Play a game to help understand poverty and hunger
Worksheet from page 11 of IGG GAT resource pack, one per Ladybird
Plastic bags, newspapers and string (for Plastic Bag Football)
Answer sheet page 9 of IGG
GAT resource pack for Leaders
Start by asking the Ladybirds what they think it is like to be poor and/or hungry. Tell the Ladybirds they are going to play two games. The first one is called Five Foods and it’s to get them to think about what they eat every day and why they eat it e.g. was it because they were hungry or did they just want to eat it. The second game is to show how in certain countries children have to make their own games from what they can find on the streets. In Africa, children can make footballs from plastic bags as there is little or no money for them to buy toys or computer games. If these children are poor they learn to be creative with what they have to play with.
Instructions (15 minutes per game if playing the two games)
For the Five Foods Game, give each Ladybird a worksheet and ask them to write or draw a picture of five foods they ate yesterday. They need to think about each food item and put a tick in the box as to the reason they ate it e.g. they were hungry, they just wanted it. Also get them to tick whether it was healthy food or unhealthy food.

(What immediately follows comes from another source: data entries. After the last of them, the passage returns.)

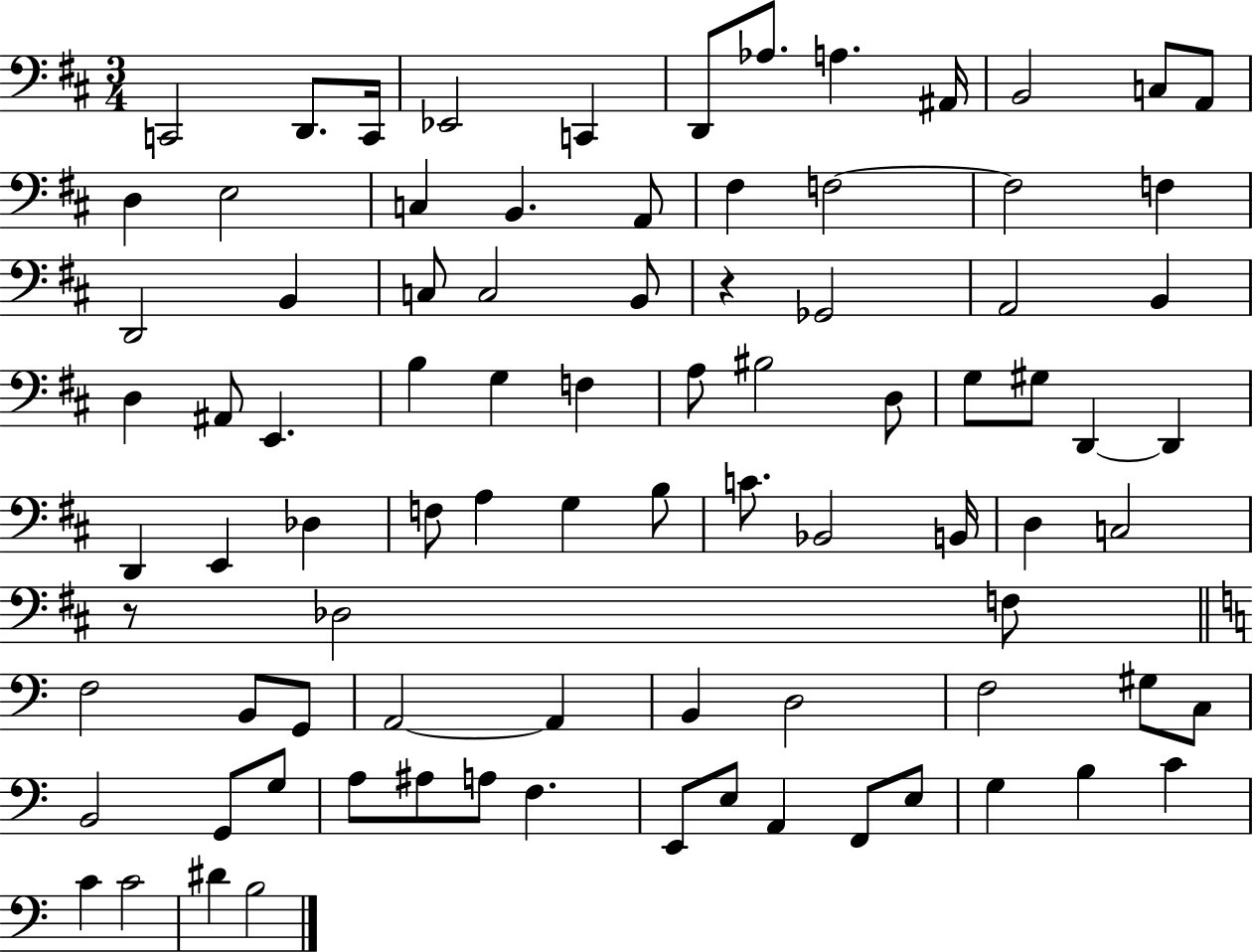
{
  \clef bass
  \numericTimeSignature
  \time 3/4
  \key d \major
  \repeat volta 2 { c,2 d,8. c,16 | ees,2 c,4 | d,8 aes8. a4. ais,16 | b,2 c8 a,8 | \break d4 e2 | c4 b,4. a,8 | fis4 f2~~ | f2 f4 | \break d,2 b,4 | c8 c2 b,8 | r4 ges,2 | a,2 b,4 | \break d4 ais,8 e,4. | b4 g4 f4 | a8 bis2 d8 | g8 gis8 d,4~~ d,4 | \break d,4 e,4 des4 | f8 a4 g4 b8 | c'8. bes,2 b,16 | d4 c2 | \break r8 des2 f8 | \bar "||" \break \key c \major f2 b,8 g,8 | a,2~~ a,4 | b,4 d2 | f2 gis8 c8 | \break b,2 g,8 g8 | a8 ais8 a8 f4. | e,8 e8 a,4 f,8 e8 | g4 b4 c'4 | \break c'4 c'2 | dis'4 b2 | } \bar "|."
}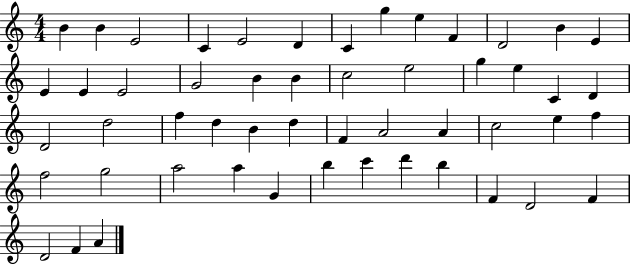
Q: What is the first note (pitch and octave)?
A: B4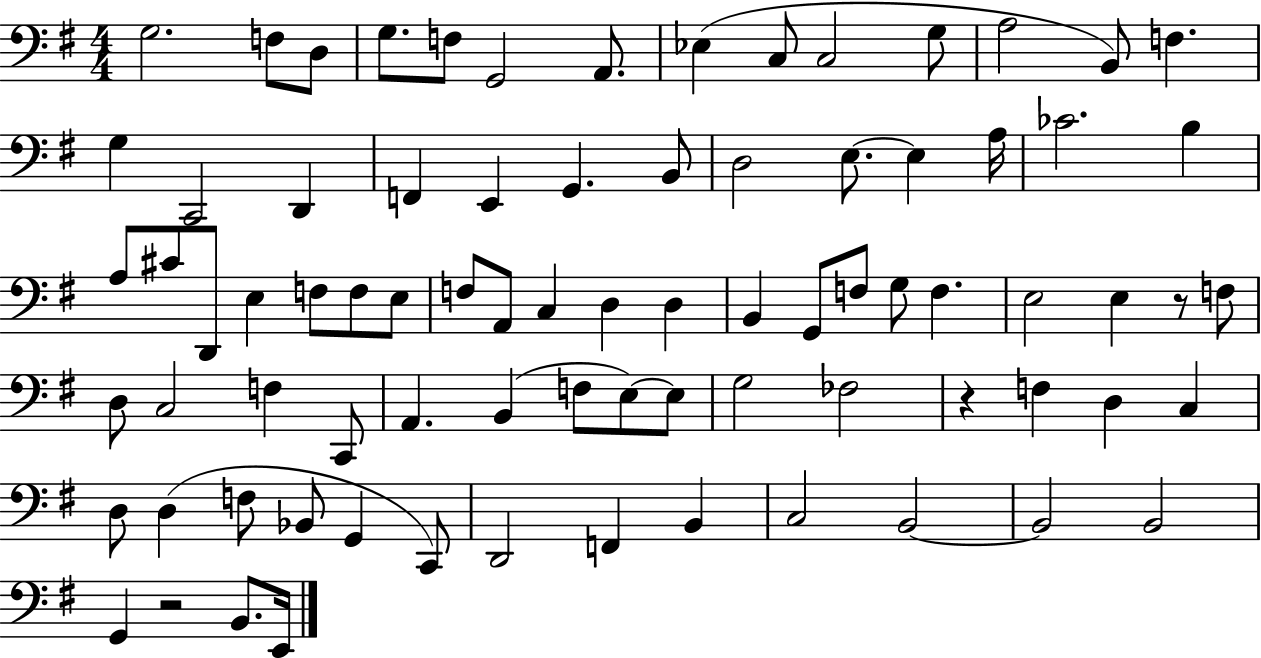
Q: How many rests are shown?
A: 3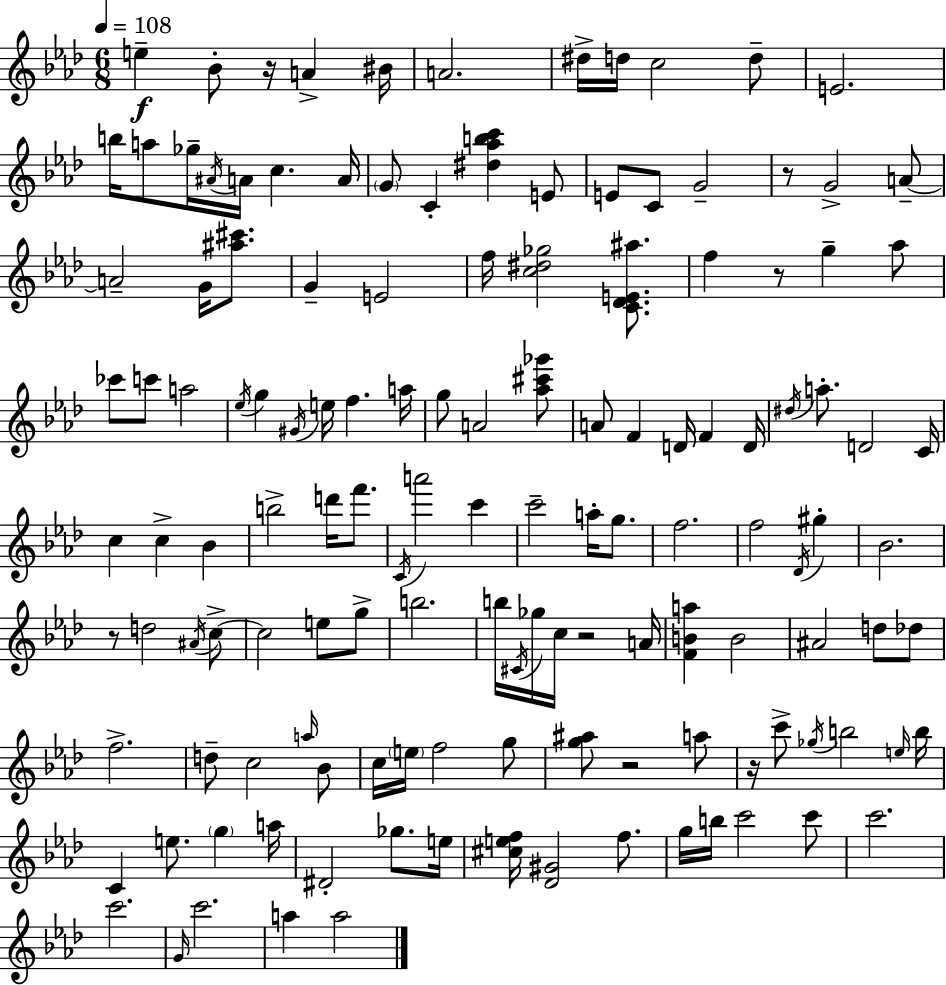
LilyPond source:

{
  \clef treble
  \numericTimeSignature
  \time 6/8
  \key f \minor
  \tempo 4 = 108
  e''4--\f bes'8-. r16 a'4-> bis'16 | a'2. | dis''16-> d''16 c''2 d''8-- | e'2. | \break b''16 a''8 ges''16-- \acciaccatura { ais'16 } a'16 c''4. | a'16 \parenthesize g'8 c'4-. <dis'' aes'' b'' c'''>4 e'8 | e'8 c'8 g'2-- | r8 g'2-> a'8--~~ | \break a'2-- g'16 <ais'' cis'''>8. | g'4-- e'2 | f''16 <c'' dis'' ges''>2 <c' des' e' ais''>8. | f''4 r8 g''4-- aes''8 | \break ces'''8 c'''8 a''2 | \acciaccatura { ees''16 } g''4 \acciaccatura { gis'16 } e''16 f''4. | a''16 g''8 a'2 | <aes'' cis''' ges'''>8 a'8 f'4 d'16 f'4 | \break d'16 \acciaccatura { dis''16 } a''8.-. d'2 | c'16 c''4 c''4-> | bes'4 b''2-> | d'''16 f'''8. \acciaccatura { c'16 } a'''2 | \break c'''4 c'''2-- | a''16-. g''8. f''2. | f''2 | \acciaccatura { des'16 } gis''4-. bes'2. | \break r8 d''2 | \acciaccatura { ais'16 } c''8->~~ c''2 | e''8 g''8-> b''2. | b''16 \acciaccatura { cis'16 } ges''16 c''16 r2 | \break a'16 <f' b' a''>4 | b'2 ais'2 | d''8 des''8 f''2.-> | d''8-- c''2 | \break \grace { a''16 } bes'8 c''16 \parenthesize e''16 f''2 | g''8 <g'' ais''>8 r2 | a''8 r16 c'''8-> | \acciaccatura { ges''16 } b''2 \grace { e''16 } b''16 c'4 | \break e''8. \parenthesize g''4 a''16 dis'2-. | ges''8. e''16 <cis'' e'' f''>16 | <des' gis'>2 f''8. g''16 | b''16 c'''2 c'''8 c'''2. | \break c'''2. | \grace { g'16 } | c'''2. | a''4 a''2 | \break \bar "|."
}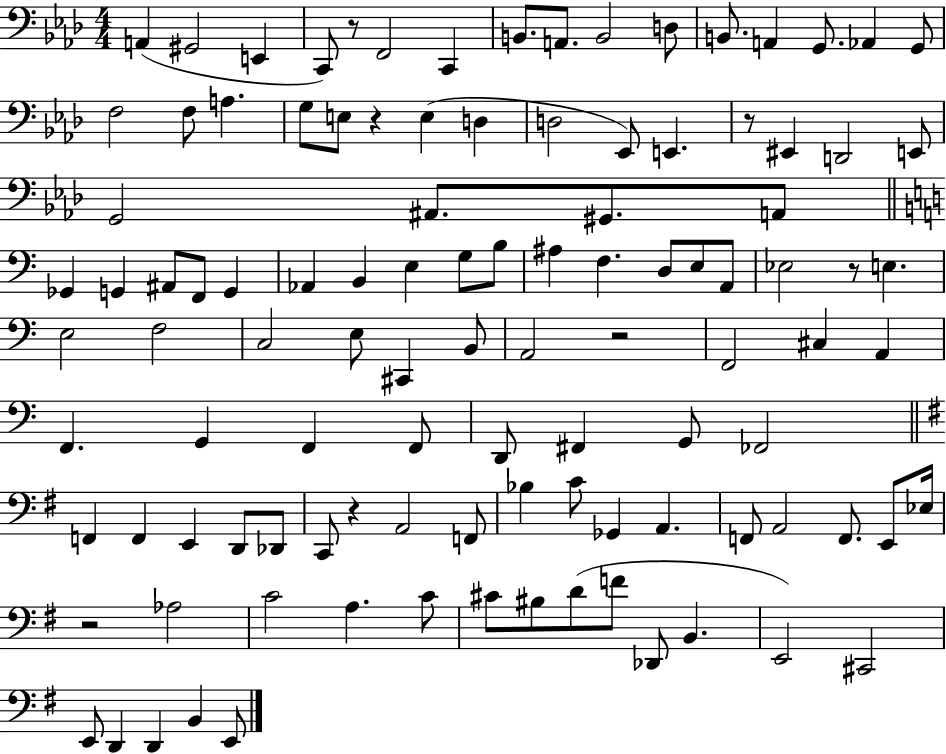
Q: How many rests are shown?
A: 7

For the second game Plastic Bag Football
• Scrunch up some newspaper and make it into a tight ball, the size of a tennis ball to form the centre of the football
• Put the ball of newspaper in a plastic bag and twist the top of the ball tight
• Use the rest of the non-twisted bag to wrap round the ball again, do this until you’ve run out of bag and then tie the ends together tightly
• Keep putting the ball in more bags, twisting and tying until the ball reaches the size you want it to be
• Use a strong bag for the final layer
• Tie string to the tied ends of the last bag and wrap it around the ball in all directions, to make the ball really strong. Secure the ends with a knot
Ask the Ladybirds how they would feel if they could have only eaten one of the five foods instead of all 5 to show that this might be the case in certain countries. Ask the Ladybirds what they think the poorest countries in the world are. (Answers on page 9 of the IGG GAT Resource Pack.)